Philosophy, questions and opinion
Hello
I have some questions:
1. Is philosophy as a science having some basic principles or some undeniable truth about the things that it examines?
2. Is there a discussion among other people in the methodology of philosophy?
3. Are there strict rules in philosophy such as in mathematics, or can anyone create his own philosophy and worldview?
Thanks
I have some questions:
1. Is philosophy as a science having some basic principles or some undeniable truth about the things that it examines?
2. Is there a discussion among other people in the methodology of philosophy?
3. Are there strict rules in philosophy such as in mathematics, or can anyone create his own philosophy and worldview?
Thanks
Comments (44)
Modern science is built around methodology that than principles as such. Arguably, scientific laws, such as the laws of thermodynamics, represent principles. But it's the methodology which is fundamental.
E R Doherty
So the distinction with philosophy is the correspondence between theory and observation. If you have a theory which can neither be confirmed or denied by an observation, then, according to most philosophers of science, it is not a scientific theory.
With respect to rules in philosophy - there are of course the 'rules of logic' which govern what is and is not a valid argument. However some aspects of philosophy will always be speculative, i.e. not strictly rule-bound. However philosophy does have a tradition, a pedigree, if you like, which ought to inform anything undertaken as philosophy. That's why, in my view, some familiarity with the history of philosophy, from its origins with the Greeks, and up until modern times, is necessary for understanding the subject. One doesn't have to be bound by that history, but you need to be able to situate yourself in respect of it, and have some idea of what others in the tradition of philosophy have said about some philosophical questions.
Oh my yes!
The question of how "best" or "properly" to do philosophy is part of philosophy, and always one of the most widely discussed issues. There are different "camps," to put it broadly, but even people within the same camp disagree vehemently on methodology.

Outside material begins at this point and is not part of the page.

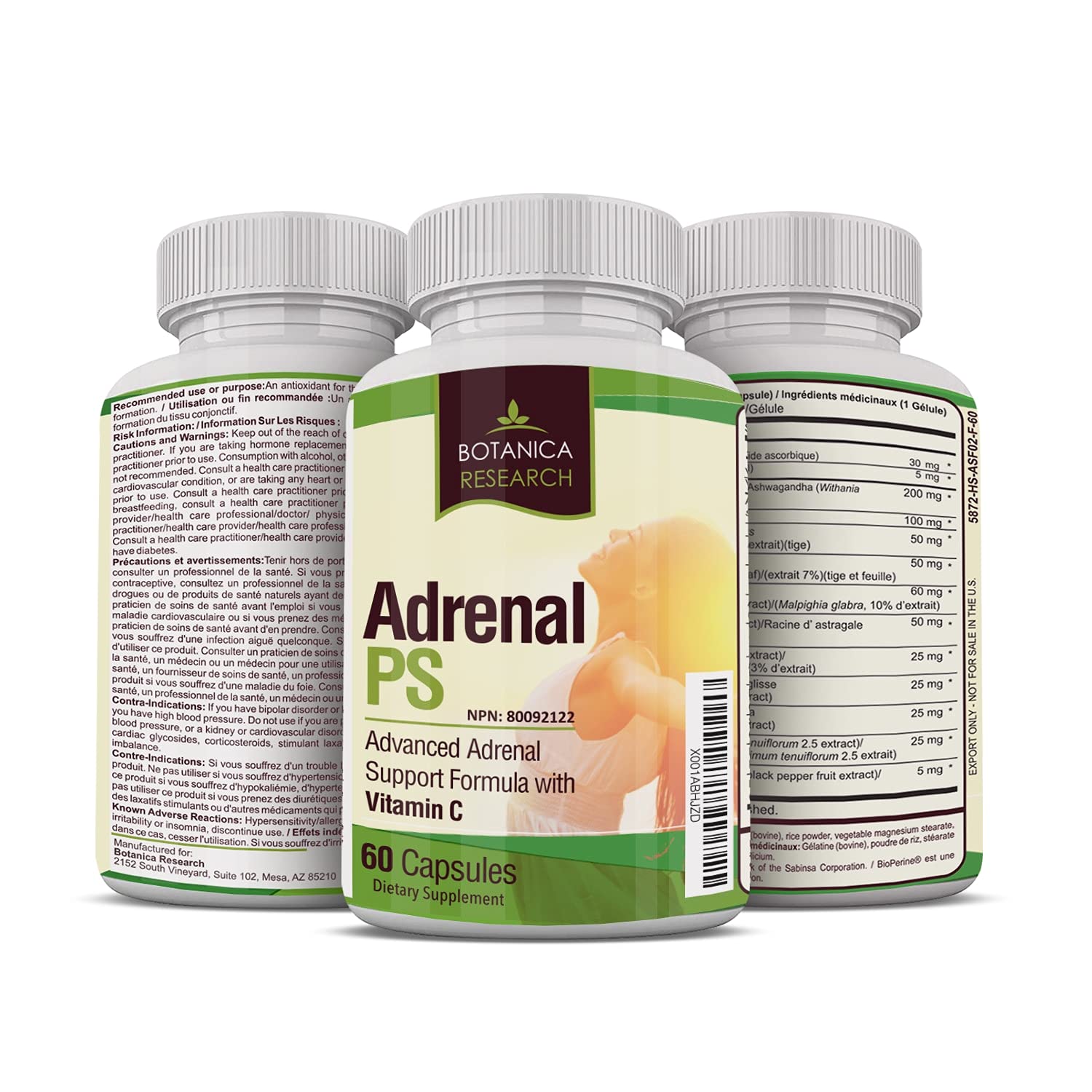 Premium Adrenal Fatigue Support Supplement with Rhodiola Rosea, L-Tyrosine, Panax Ginseng & Holy Basil - Cortisol Balance Complex for Stress Relief & Natural Energy Boost - Supports Healthy Stress Response & Fatigue Recovery for Busy Professionals & Students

There are no rules. New worldviews are welcome, from any quarter!
What about Deepak Chopra? Does his worldview count?
Socrates may would argue with that.
1. Does philosophy have basic principles? Yes. Are there some undeniable truths about the things that it examines? Yes.
Does that mean that philosophy is "a science"? No (not even if we go beyond the confines of post-XVII century natural science). Philosophy is a search. It is a search guided by basic principles, and starting from some undeniable truths, but it is a search rather than a science; a philosopher (friend/lover of wisdom) is very unlike a sophist (wise man).
2. Not really. Of course philosophers disagree all the time. But you don't see philosophers disagreeing about the requirement of free enquiry, about the primacy of the individual viewpoint, stuff like that. (There are some methodological principles which cannot be disputed without clear contradiction, and avoiding contradiction is one of those non-negotiable methodological principles!)
3. Well, one strict rule (in philosophy) about creating philosophies and worldviews is that you must do it yourself, on the authority of your own conscience, i.e., not by following external sources. The immense majority of people (including philosophers when they are not engaging in The Search -- it is not an easy demand!) does exactly that, they lean themselves upon a crutch provided by history, culture, politics, religion, or some other impersonal shortcut. But the philosopher as a philosopher cannot do that. It is a strict rule :D. It is not such a strict rule on my say so, or even on Socrates' say so, but it is a constituent aspect of the philosophical activity.
The basic principle, touted with much fanfare by philosophers, is to be *rational* - the bottomline being an ever-skeptical attitude.
[Quote]2. Is there a discussion among other people in the methodology of philosophy?[/quote]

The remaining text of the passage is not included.